Despite sensing Clinton's inappropriate interest in Kathleen, the Willeys remained active supporters of Clinton's campaign and flew to Little Rock with their two college-age children on election night to celebrate Clinton's victory. [17] In April 1993, Kathleen Willey landed a volunteer position in the White House Social Office. [18] Still living in Richmond, she traveled by train to the White House a few days a week to help coordinate events like receptions and the White House Christmas party. [19]
Working in the White House wasn't an unfathomable leap in lifestyle for Willey. She and Ed had married in the early 1970s when she worked as a secretary in his real estate law practice. [20] One colleague of Ed's described him as "very prominent, very well-liked ... an attractive guy," and said Kathleen was "involved in a number of charitable organizations." [21] The couple had two children, a son and a daughter. [22] Ed's practice succeeded wildly in the hey-day of the 1980s, but when the real estate market crashed they continued living an extravagant lifestyle even as their income dwindled. [23] They lived in what Willey called a "traditional Southern marriage" and her husband "took care of the finances." [24] They still found a way to donate money to Clinton's 1992 campaign and other Democratic causes, [25] but the trappings of a successful life were about to come crashing down around them.
By the fall of 1993, Ed Willey's embezzlement scheme had been exposed, and creditors hounded them. [26] One day, Kathleen Willey was driving to a Red Cross Meals-on-Wheels volunteer appointment when her husband called her. [27] He asked her to sign a note promising to repay $274,000to help them escape legal trouble and criminal charges for his embezzlement. [28] She signed the note, which obligated the Willeys to come up with the money in just two weeks. [29] Over Thanksgiving, with that deadline only days away, Kathleen Willey told her family she intended to ask the president for help finding a job, to get herself and her husband out of their mess. [30]
Nancy Hernreich arranged the appointment for her, and on the afternoon of November 29 at about 3:00 p.m., Willey sat across the desk from Clinton in the Oval Office. [31] He asked her if she'd like a cup of coffee and escorted her through a hallway into a private kitchen, handing her a Starbucks mug of coffee. He showed her around the small hideaway office off the end of the hallway, pointing out his collection of political buttons. After a couple of minutes of small talk, she was near tears as she told Clinton about her husband's financial trouble. The bottom line, she told the president, is that she needed a job. [32]

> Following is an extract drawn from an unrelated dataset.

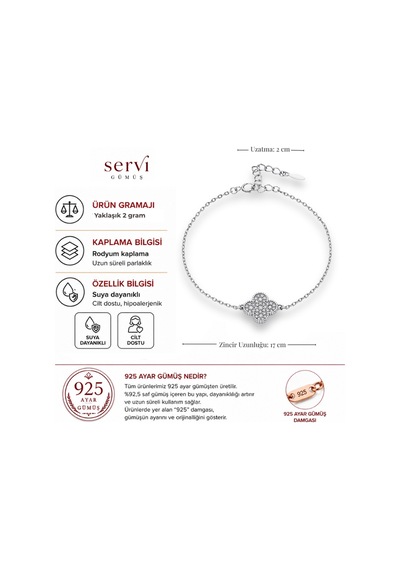 Servi 925 Ayar Gümüş Mini Clover Bileklik-19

She felt embarrassed and walked back down the hallway toward the Oval Office. When she reached the door that led to the Oval Office, Clinton caught up with her and hugged her. "I'm really sorry this has happened to you," he said. With her back against the door, coffee mug still in her hand, Clinton kissed her. "I was shocked," Willey told reporter Michael Isikoff almost five years later -- off the record. "It was like an out-of-body experience." [33] She tried to push away but Clinton just said, "You have no idea how much I wanted you to come to Williamsburg and bring me that chicken soup." Willey asked if he was concerned about people waiting outside, but Clinton brushed it off, saying he had a meeting but he could be late. Clinton took the coffee mug out of Willey's hand and said, "I've wanted to do this ever since the first time I laid eyes on you." He began kissing her again, and his hands were "everywhere" -- on her breast, up her skirt, in her hair. [34] He put one of her hands on his crotch. Willey told Michael Isikoff she knew Paula Jones was telling the truth because during this encounter Clinton's face was "beet red," just the way Paula later described him. [35] Someone knocked on the door, causing Willey to disentangle herself and say she had to go.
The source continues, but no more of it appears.